=== Stored data ===
# # #
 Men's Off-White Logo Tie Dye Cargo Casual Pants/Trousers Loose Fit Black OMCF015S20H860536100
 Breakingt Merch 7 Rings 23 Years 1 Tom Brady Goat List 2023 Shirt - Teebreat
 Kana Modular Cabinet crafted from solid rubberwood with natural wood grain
# # #
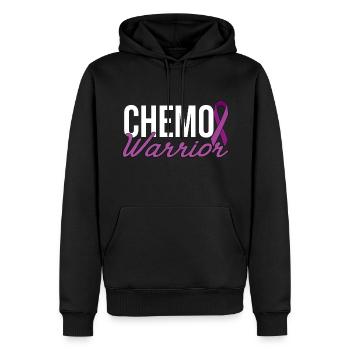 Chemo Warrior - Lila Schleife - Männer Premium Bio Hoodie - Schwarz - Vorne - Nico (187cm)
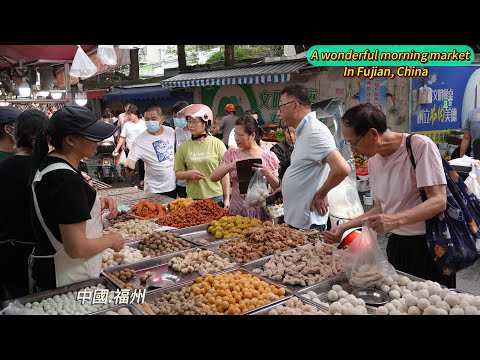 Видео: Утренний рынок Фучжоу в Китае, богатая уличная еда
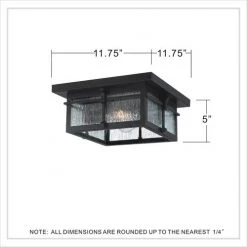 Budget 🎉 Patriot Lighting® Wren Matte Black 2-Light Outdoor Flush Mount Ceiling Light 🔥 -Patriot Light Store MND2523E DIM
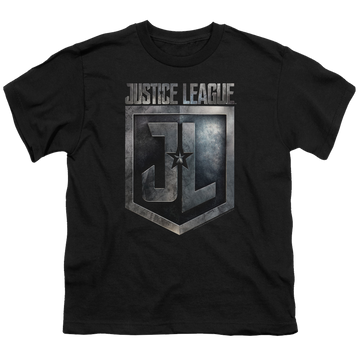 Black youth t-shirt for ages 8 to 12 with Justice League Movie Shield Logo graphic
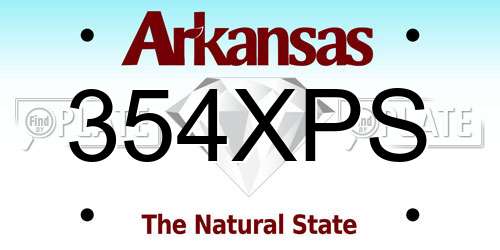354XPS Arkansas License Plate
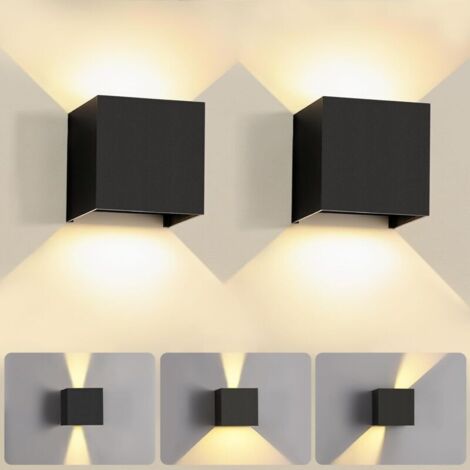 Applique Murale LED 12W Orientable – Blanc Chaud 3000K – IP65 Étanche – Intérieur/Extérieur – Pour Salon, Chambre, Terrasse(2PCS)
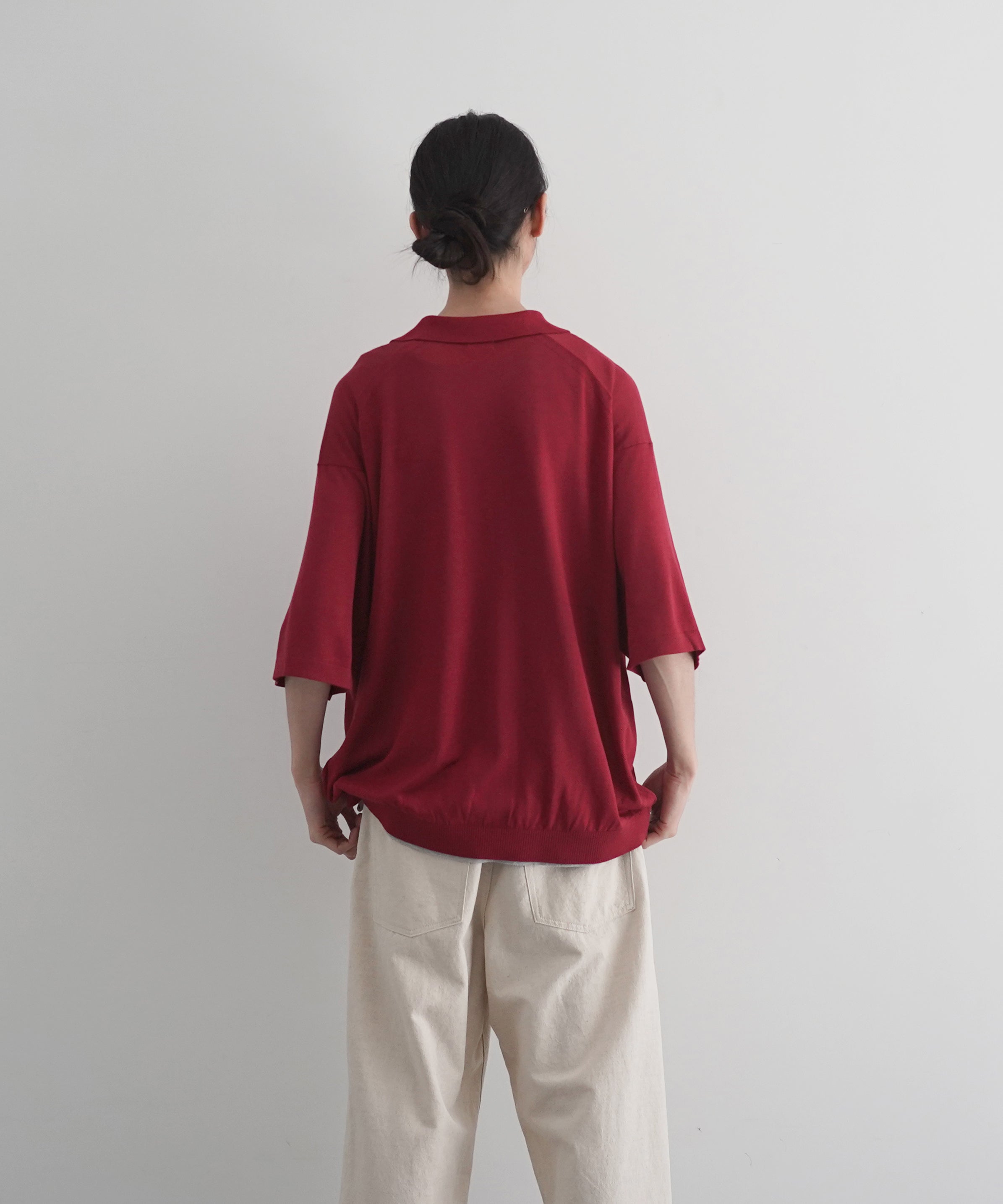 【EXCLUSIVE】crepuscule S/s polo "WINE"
# # #
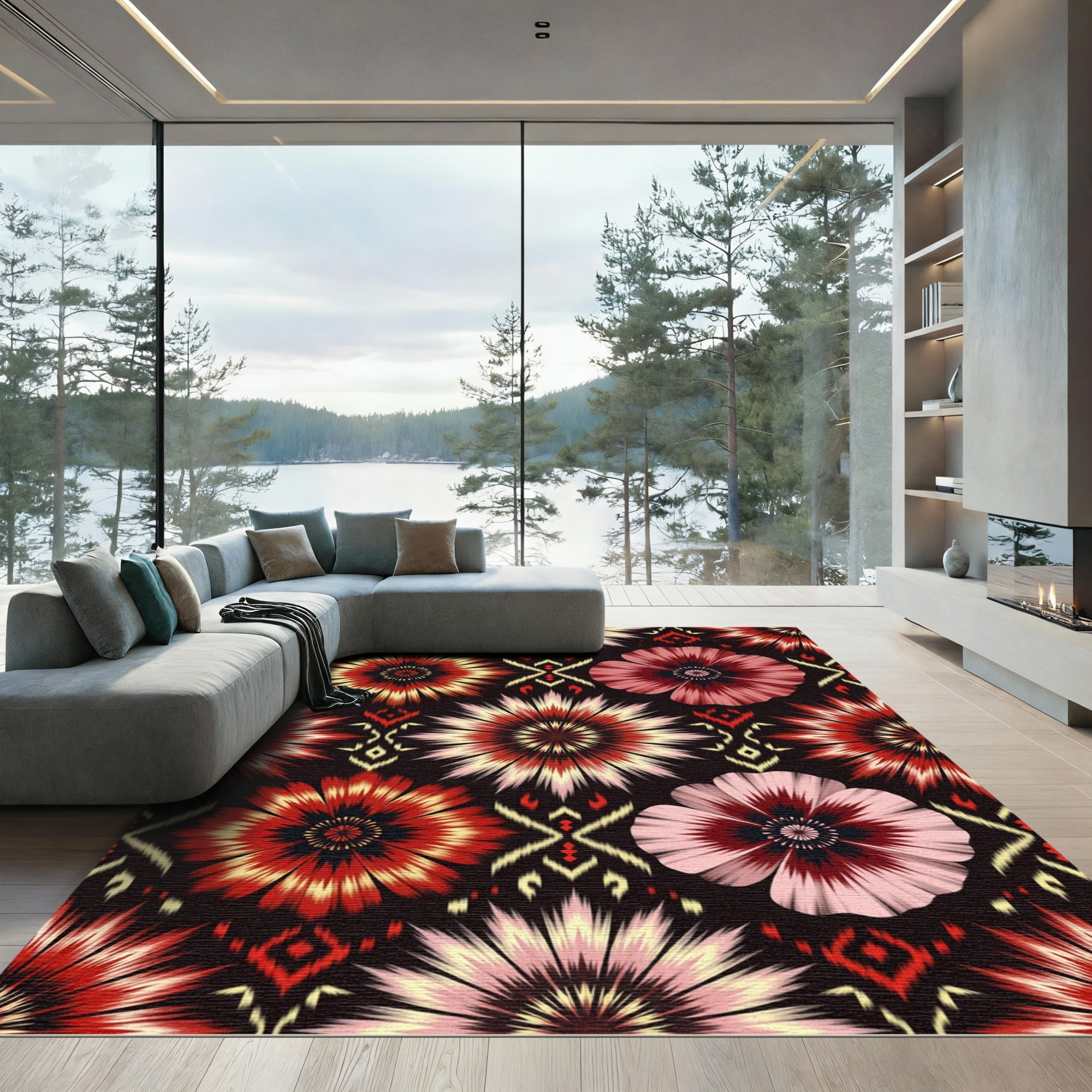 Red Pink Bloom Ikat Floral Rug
# # #
=== Work required ===
Return a word-for-word copy of the lines above from the one holding "Men's Off-White Logo" through the one holding "Kana Modular Cabinet", with both of them included and nothing besides.

=== Finished task ===
 Men's Off-White Logo Tie Dye Cargo Casual Pants/Trousers Loose Fit Black OMCF015S20H860536100
 Breakingt Merch 7 Rings 23 Years 1 Tom Brady Goat List 2023 Shirt - Teebreat
 Kana Modular Cabinet crafted from solid rubberwood with natural wood grain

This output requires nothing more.